* _PROBLEM_:
Your task is to output the listing exactly, leaving every image out.

* _DATA SEGMENT_:
----

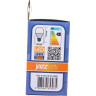 Лампа светодиодная JAZZWAY PLED POWER A60 15W E27 5000K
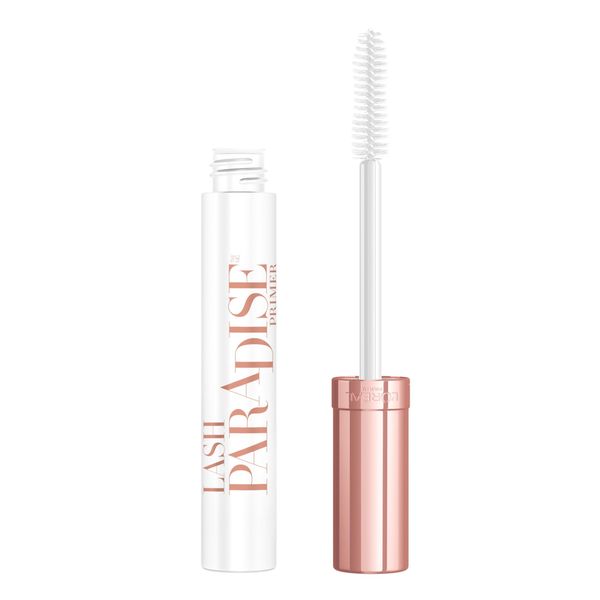 l'oreal voluminous Lash Paradise mascara primer 250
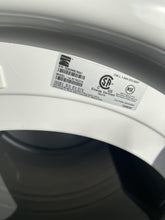 Load image into Gallery viewer, Kenmore Electric Dryer - 6578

----

* _SOLUTION TO THIS TASK_:
 Лампа светодиодная JAZZWAY PLED POWER A60 15W E27 5000K
 l'oreal voluminous Lash Paradise mascara primer 250
 Load image into Gallery viewer, Kenmore Electric Dryer - 6578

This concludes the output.